能登とり貝を付け合わせのワラビと山ウド、ソースと共にいただきますーー。山菜特有の心地よい苦味と香り、新玉ねぎソースの自然な甘みと相まって、能登とり貝本来の旨味が単体で味わうよりも強く感じられます。海と山、それぞれに由来する個性的な味わいが調和し、響き合うような感覚。なるほど、能登とり貝の養殖筏から見た風景が、まるで味覚から再現されるかのようです。

そして、驚くのは、能登とり貝のみずみずしさ。プリンとしていて、歯応えもほどよく、上品な甘みと香りが華やかに広がります。

「70℃のお湯で10秒間の湯引きにしています。能登とり貝ならではの弾力と繊細な風味を引き出すためにたどり着いた火入れです。プレミアムサイズの場合ですから、もっと小さなものは数秒の投入でいいかもしれません。実際に調理してみて、他の貝にはない、能登とり貝の魅力を実感しました」。
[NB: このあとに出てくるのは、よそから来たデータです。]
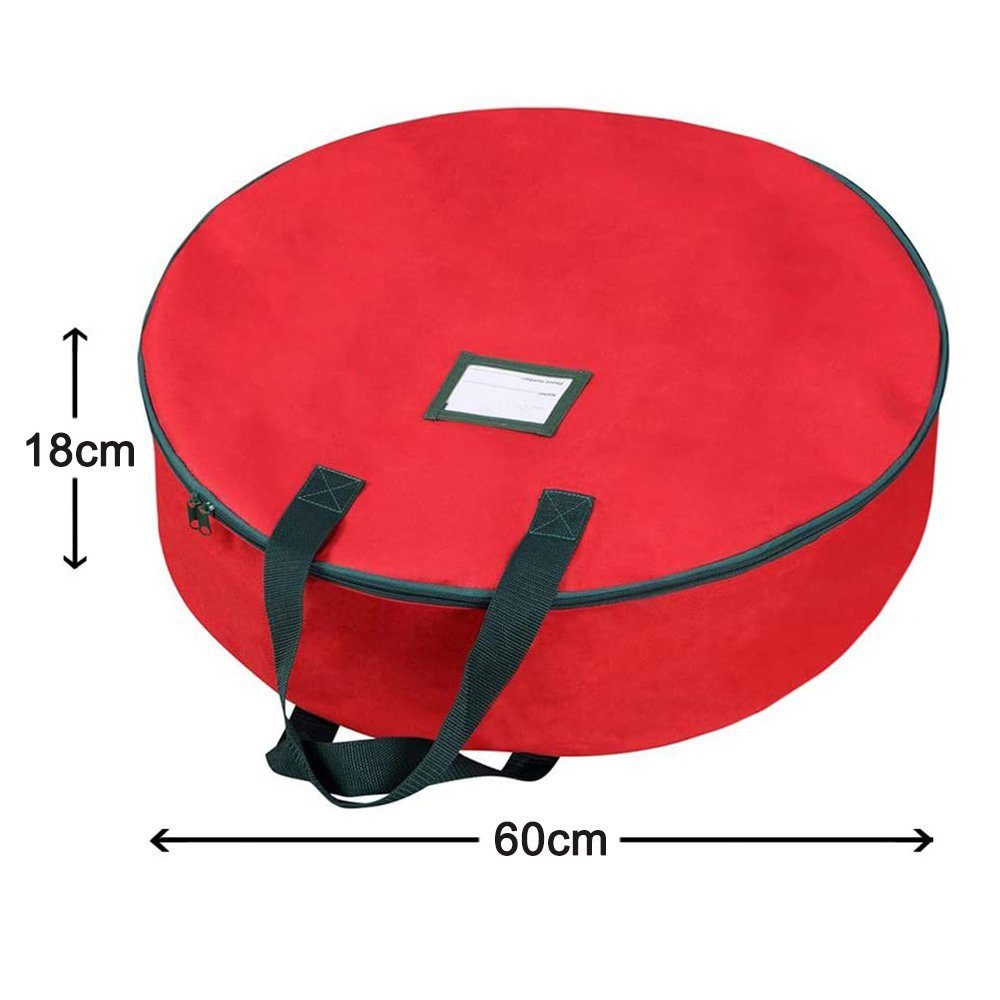 Lubgitsr Aufbewahrungstasche Aufbewahrungstasche für Kränze Weihnachtsdekoration Rot für 60×18cm, (1-tlg)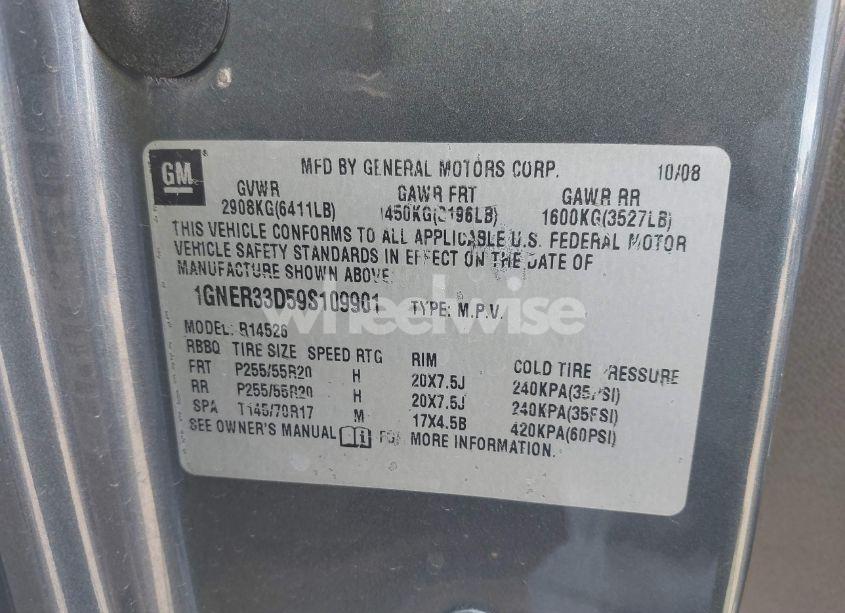 Photo 9 of 2009 Chevrolet Traverse LTZ (VIN 1GNER33D59S109901)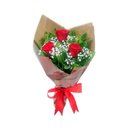 Lindo Buquê de 3 Rosas Vermelhas 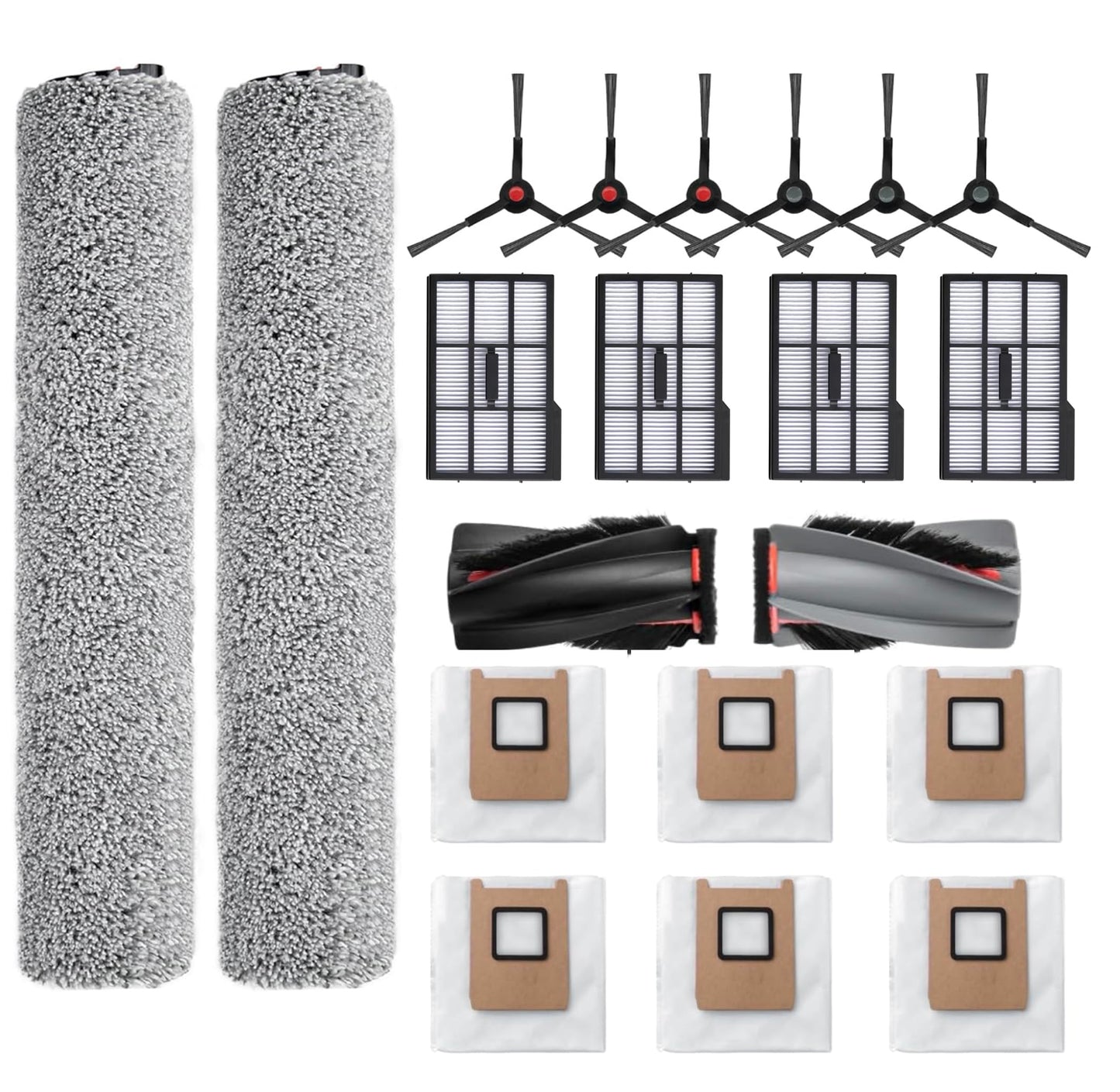Replacement Parts Kit Compatible With Eufy Omni E25 / E28, Vacuum Cleaner Accessories Includes:2 Mop Roller Brush,1 Set Main Brush,6-Side Brush,4-Filter,6-Disposal Dust Bags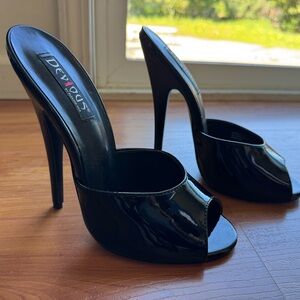 Pleaser Devious Domina 101 Black Patent Open-Toe Stiletto Mules 6in Heel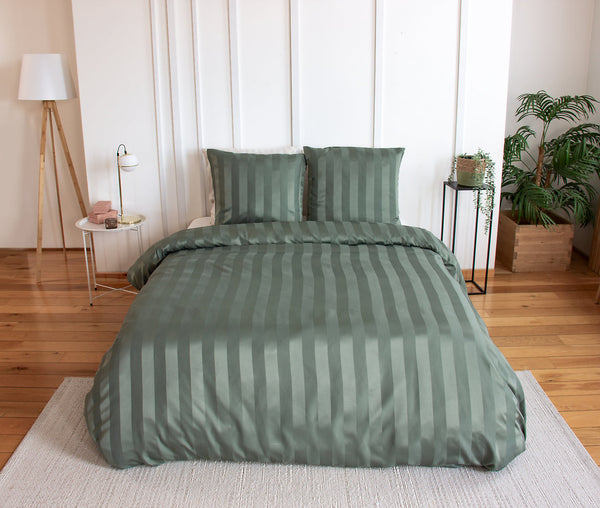 Parure Housse De Couette 100% Satin De Microfibre , Lichen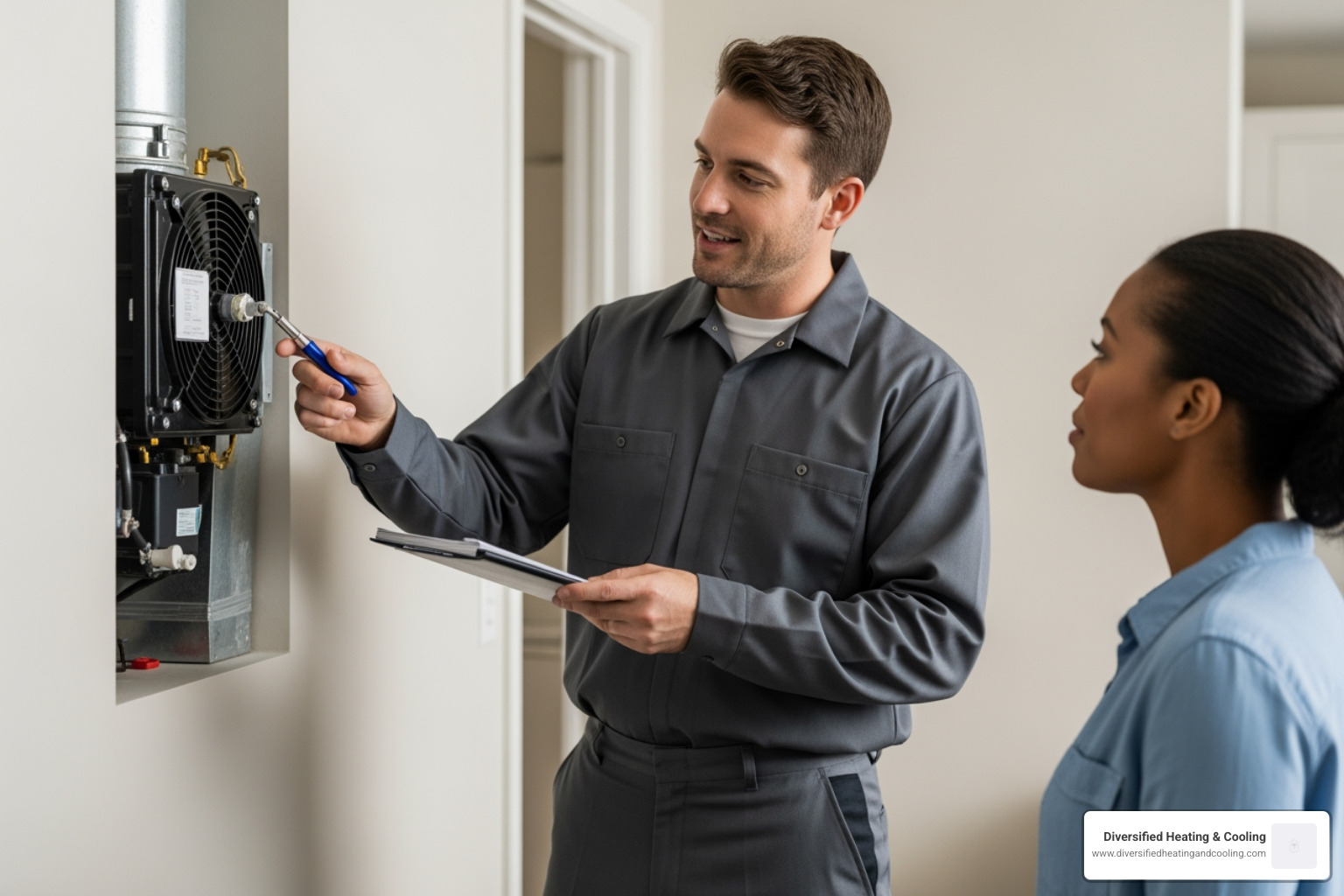 technician explaining system to homeowner - best heating company in pioneertown ca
今回、能登とり貝の生産地を訪ねた梅氏は、あらためて能登の里山里海が育む食材のポテンシャルの高さに驚いたと話します。
「石川の食材をもっと知りたいという思いが強くなりました。すぐれた食材の新たな魅力を発掘し、伝えるのは、料理人の大切な役割でもあります。自分の皿を通じて、発信していきたいです」。

能登とり貝と山野草を合わせ、七尾湾の里山里海の風景が一皿に表現された。
築150年の町家をリノベーションした『レスピラシオン』では、日々、石川県産食材の新たな魅力を引き出した食体験が繰り広げられている。

Profile

梅 達郎|『respiración』オーナーシェフ

1980年、石川県生まれ。和食店のホールでのアルバイトから料理の世界へ。東京・両国の『墨田』で本格的な修業を開始。27歳でスペイン・バルセロナへ渡り、ミシュラン一ツ星の『SAUC』で腕を磨く。都内のバルやレストランを経て、2017年に、幼なじみの盟友、八木恵介氏、北川悠介氏と共に、金沢市にモダンスパニッシュ・レストラン『respiración(レスピラシオン)』をオープンし、料理長に就任。ミシュランガイド北陸2021年特別版で二ツ星とミシュラングリーンスターを獲得。

respiración

住所:石川県金沢市博労町67 MAP
電話:076-225-8681
営業時間
昼:12時一斉スタート
夜:18時一斉スタート
定休日:月曜日を中心に月6回
https://respiracion.jp/

Photographs:SHINJO ARAI, DAICHI MIYAZAKI
Text:KOH WATANABE
(supported by 石川県、公益財団法人いしかわ農業総合支援機構)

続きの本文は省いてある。